### [About this task]
Find the line below with "GPR radar image". Print it and every line after it exactly, through the last line, leaving out the pictures.

### [Information supplied]
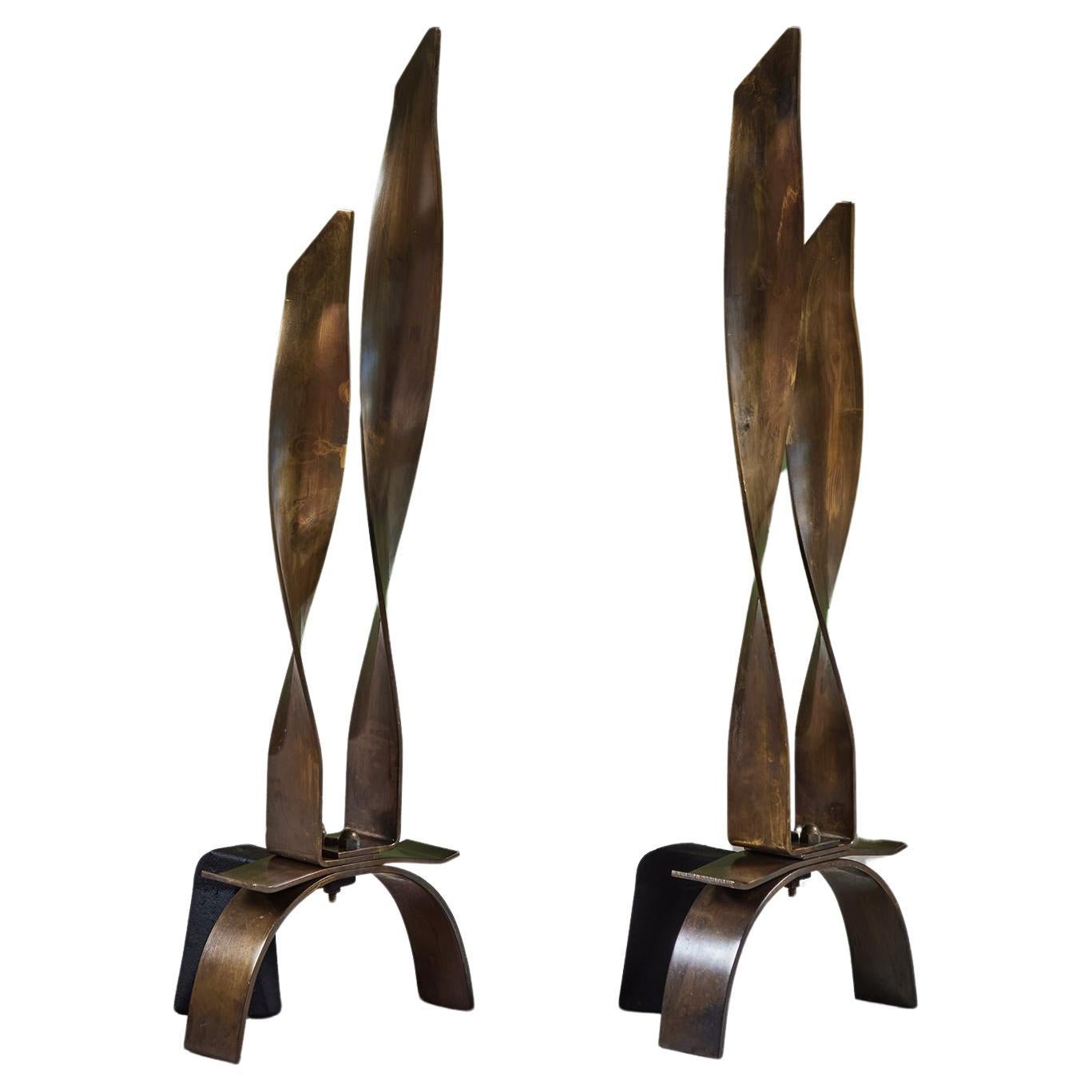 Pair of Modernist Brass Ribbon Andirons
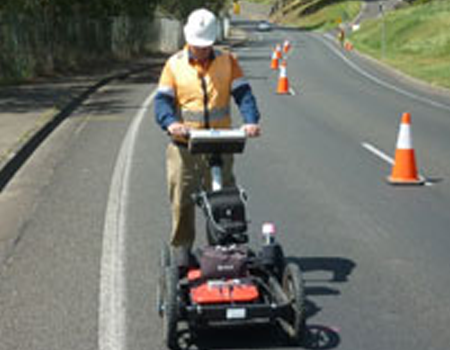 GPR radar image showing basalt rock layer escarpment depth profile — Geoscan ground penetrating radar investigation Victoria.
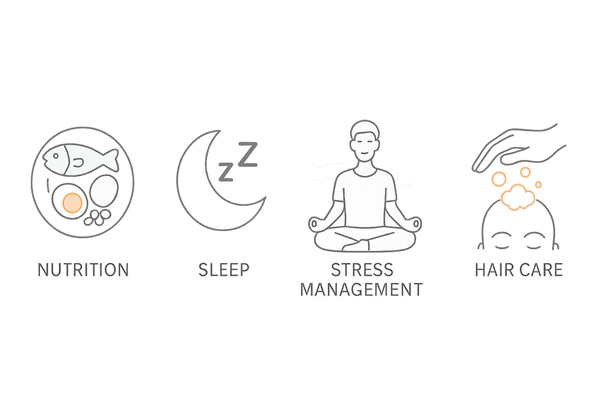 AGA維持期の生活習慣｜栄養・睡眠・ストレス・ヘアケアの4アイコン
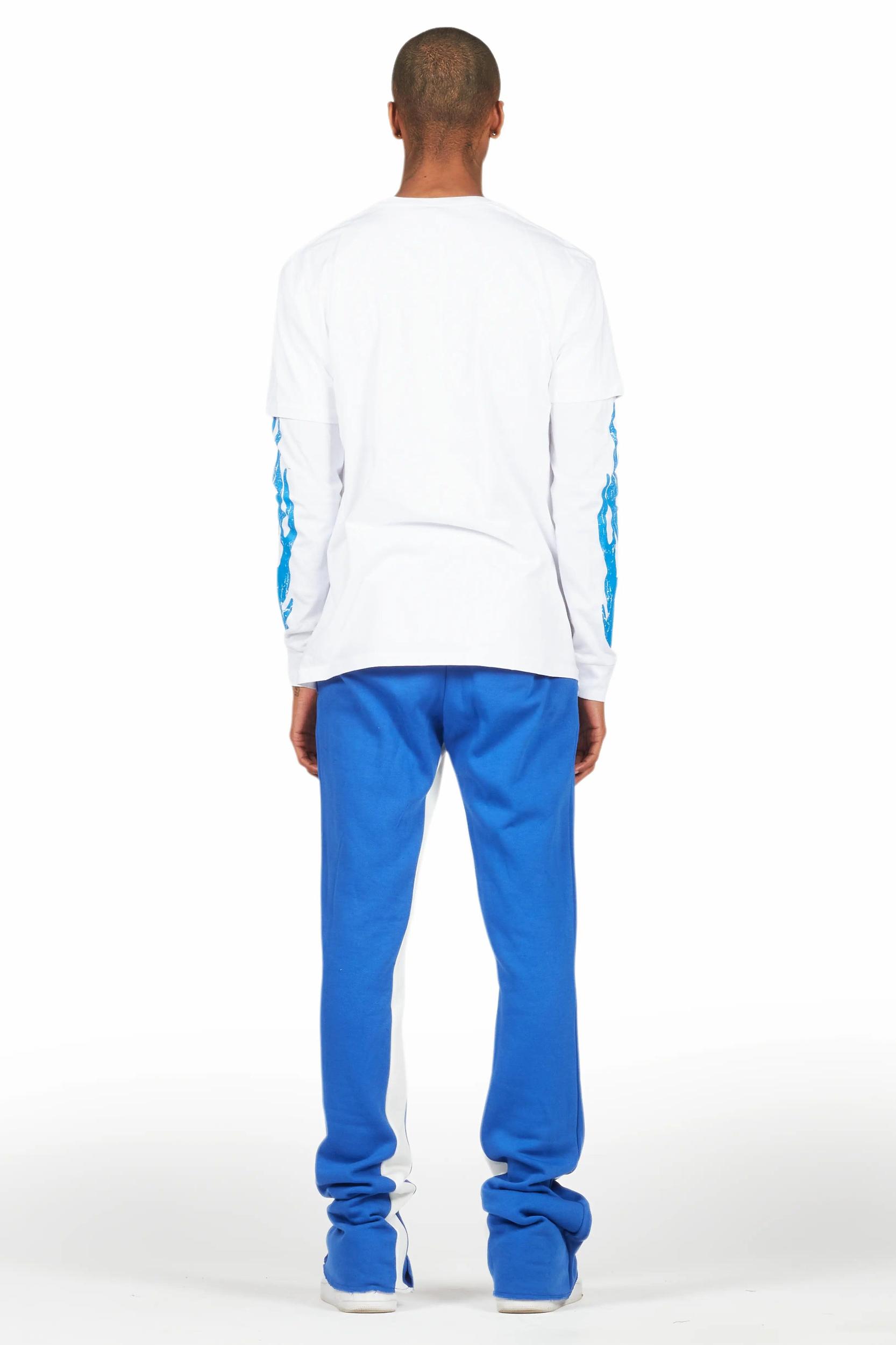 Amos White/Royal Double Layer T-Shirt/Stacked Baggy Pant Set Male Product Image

### [Output of the exercise]
 GPR radar image showing basalt rock layer escarpment depth profile — Geoscan ground penetrating radar investigation Victoria.
 AGA維持期の生活習慣｜栄養・睡眠・ストレス・ヘアケアの4アイコン
 Amos White/Royal Double Layer T-Shirt/Stacked Baggy Pant Set Male Product Image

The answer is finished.